All these discoveries have led to a greater emphasis on understanding our fascination with sound, both as a component of modern civilisations and as a key to brain development. In addition, this particular discipline of neuroscience – typically associated with psychoacoustics – has led to changes in both therapy and self-care on a daily basis.
The effects of music on the human body
- Improves memory and learning
- Changes breathing rate and blood pressure
- Helps relieve both physical and emotional pain
- can motivate
- Helps reduce the stress-inducing hormone cortisol
- Can refresh our memories and even relieve pain
- Helps us fall asleep.
- Boosts motivation.
- It lifts our mood.
- can relax
- can calm down
The reason for this is the appropriate harmony, the natural response to musical sounds, which acts on the limbic system where emotions are generated. This is also where the experience of pain originates and is reduced by the release of pain-controlling beta-endorphins, such as the sounds of gentle, calm or even upbeat music.
Music therapy and the use of music in medicine
A 2018 study found that changes in brain activity (induced by listening to music) stimulate specific parts of the brain, which can aid rehabilitation. In addition, this healing can take many forms, such as making you feel less sad, helping you think more abstractly or giving you more motivation.
Today, music is used particularly in the medical field. Especially in psychiatric or therapeutic pain management, but also in stroke and Alzheimer’s rehabilitation. Research has shown that music therapy can be used with patients who are in a coma or who have lost the ability to speak as a result of traumatic brain injury, from the subjective experience of stress in chronic pain syndromes to the reward circuitry in addictions, psychomotor pathways in Parkinson’s disease, and even functional connectivity abnormalities in autism spectrum disorders.
Particularly in the treatment of psychosomatic illnesses, the emotional effects of music can lead to significant improvements. Music can help people talk to each other because it allows us to say what we think and feel without using words.

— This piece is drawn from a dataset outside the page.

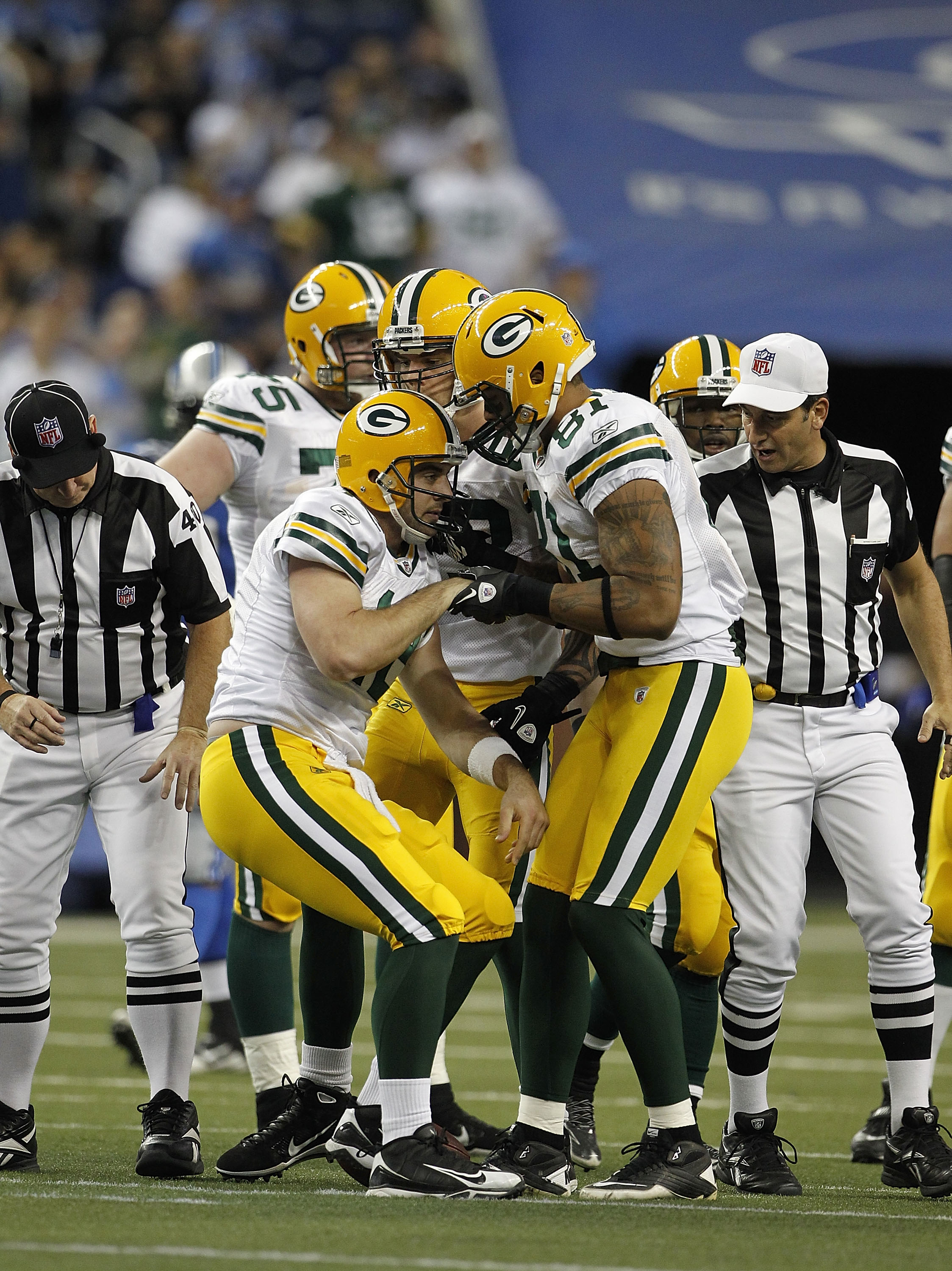 DETROIT - DECEMBER 12: Andrew Quarless #81 of the Green Bay Packers helps Aaron Rogers #12 of the Green Bay Packers up during the second quarter of the game against the Detroit Lions at Ford Field on December 12, 2010 in Detroit, Michigan.  (Photo by Leon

As a result, institutions are increasingly offering music therapy as a master’s degree programme. Researchers are investigating how music can help people communicate, especially with patients in distress.

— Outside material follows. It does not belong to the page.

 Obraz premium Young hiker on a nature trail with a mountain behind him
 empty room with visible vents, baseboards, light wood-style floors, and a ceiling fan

What are the most common uses of music therapy?
Music therapy can facilitate self-discovery, self-expression and self-healing, among other things. Patients may continue to use this type of therapy long after they have completed their recommended treatment.

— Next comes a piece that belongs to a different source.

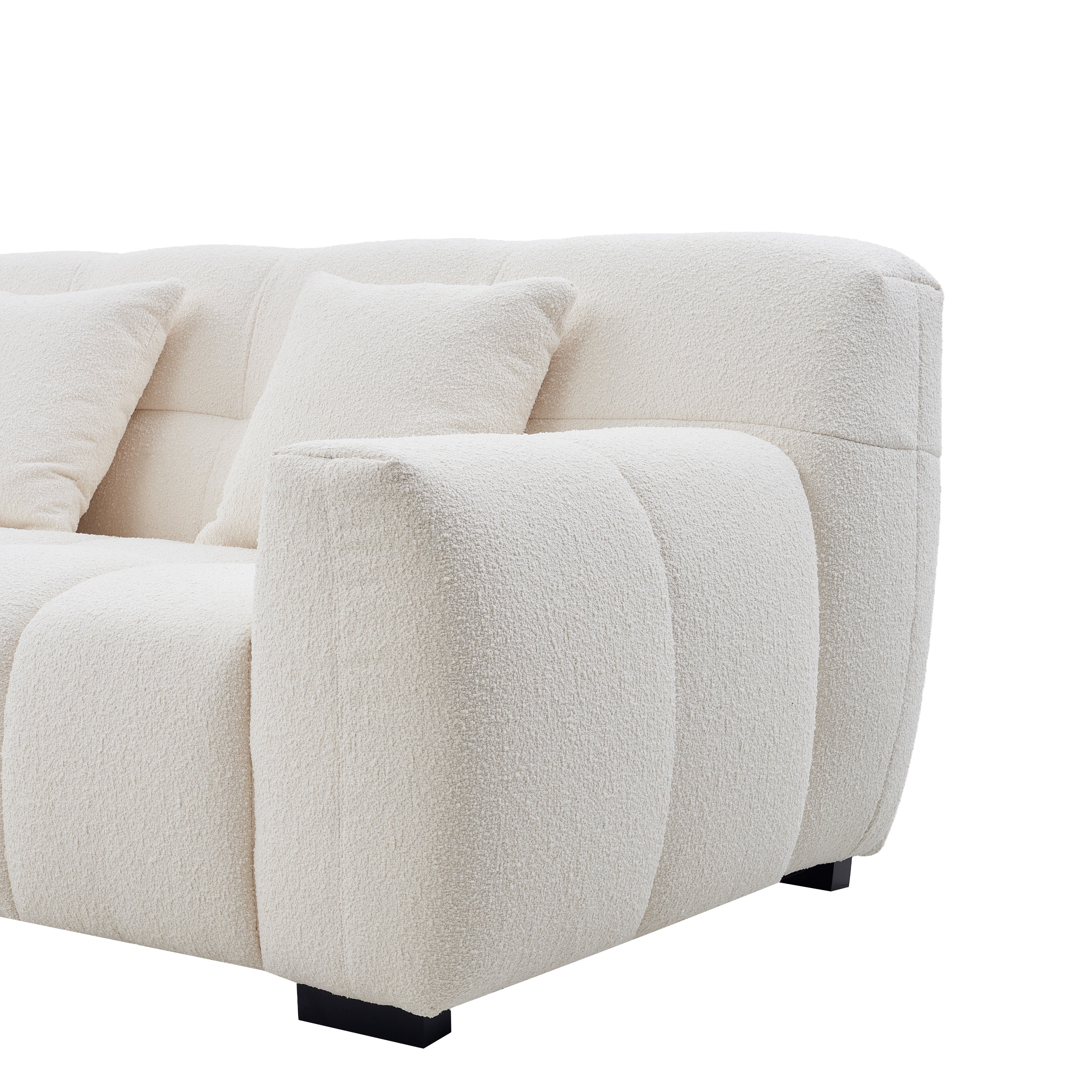 Close-up of a textured boucle Gummy Sofa on a white background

While music therapy is most successful when combined with other disciplines such as exercise, counselling and social support, it can also be used separately without diminishing its effectiveness.
Typical benefits of music therapy include
- Reducing anxiety and improving mood in the majority of patients.
- Promotes healing through the release of certain hormones
- Improve cognitive function in patients with Alzheimer’s or Parkinson’s disease
- Reduce depression and loneliness in the elderly
- Improve psychiatric symptoms of mental illnesses such as schizophrenia
- Aid in the rehabilitation of physically disabled patients
- Help develop communication skills in children with developmental delays
At the heart of these techniques is a fundamental truth: the power of music to affect brain function provides therapists with a valuable and reproducible therapeutic tool. Music therapy has been incorporated into the majority of mental health services because of its ability to improve patients’ mood and create a calming environment, regardless of the patient’s health status.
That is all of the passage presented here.